→ **Brief descriptive captions**:
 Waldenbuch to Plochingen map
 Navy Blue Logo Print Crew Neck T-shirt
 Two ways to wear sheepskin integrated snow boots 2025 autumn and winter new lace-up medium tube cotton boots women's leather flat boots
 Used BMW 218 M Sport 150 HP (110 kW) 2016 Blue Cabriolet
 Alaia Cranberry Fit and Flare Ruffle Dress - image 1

→ **Exercise objective**: Exactly as written above, reproduce all of the entries.

→ **Response below**:
 Waldenbuch to Plochingen map
 Navy Blue Logo Print Crew Neck T-shirt
 Two ways to wear sheepskin integrated snow boots 2025 autumn and winter new lace-up medium tube cotton boots women's leather flat boots
 Used BMW 218 M Sport 150 HP (110 kW) 2016 Blue Cabriolet
 Alaia Cranberry Fit and Flare Ruffle Dress - image 1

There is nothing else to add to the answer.